MATERIAL FOR THIS EXERCISE =

# # #

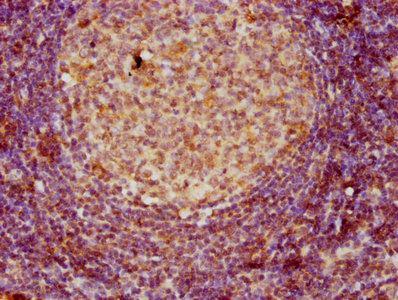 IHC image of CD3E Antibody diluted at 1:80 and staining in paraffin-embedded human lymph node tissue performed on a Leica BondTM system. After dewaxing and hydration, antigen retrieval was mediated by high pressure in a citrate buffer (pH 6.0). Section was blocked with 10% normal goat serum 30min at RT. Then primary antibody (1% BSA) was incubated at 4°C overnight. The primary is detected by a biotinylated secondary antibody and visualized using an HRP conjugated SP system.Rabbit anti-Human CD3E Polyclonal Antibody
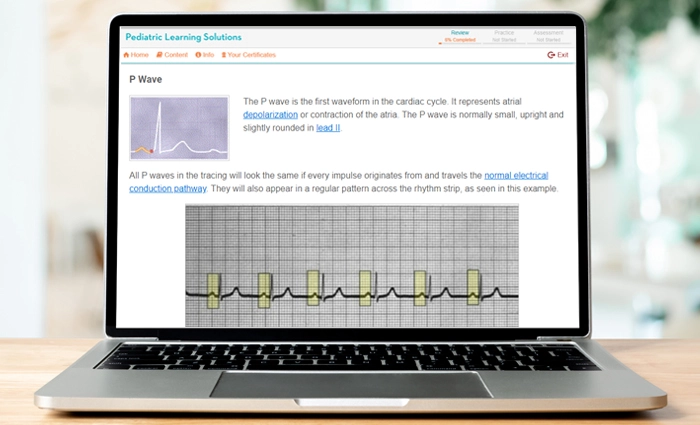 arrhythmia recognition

# # #

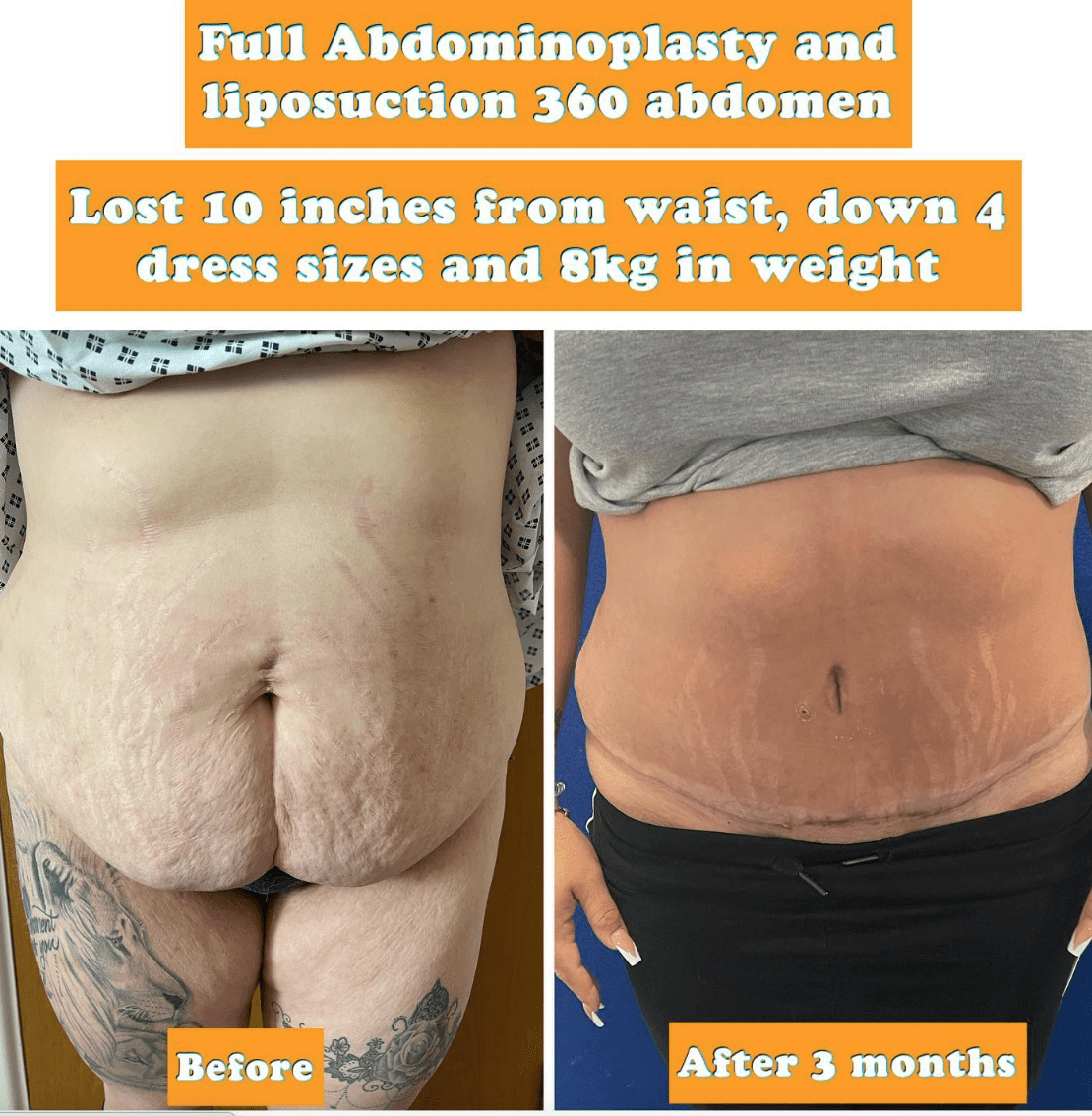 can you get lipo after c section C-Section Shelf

# # #

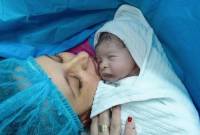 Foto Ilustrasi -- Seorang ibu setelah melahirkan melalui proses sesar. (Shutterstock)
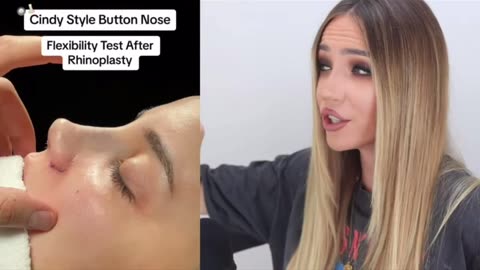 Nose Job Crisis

# # #

TASK PROMPT =
Reproduce exactly the lines above that run from the one with "IHC image of" to the one with "arrhythmia recognition", both included, leaving pictures out.

RESPONSE AREA =
 IHC image of CD3E Antibody diluted at 1:80 and staining in paraffin-embedded human lymph node tissue performed on a Leica BondTM system. After dewaxing and hydration, antigen retrieval was mediated by high pressure in a citrate buffer (pH 6.0). Section was blocked with 10% normal goat serum 30min at RT. Then primary antibody (1% BSA) was incubated at 4°C overnight. The primary is detected by a biotinylated secondary antibody and visualized using an HRP conjugated SP system.Rabbit anti-Human CD3E Polyclonal Antibody
 arrhythmia recognition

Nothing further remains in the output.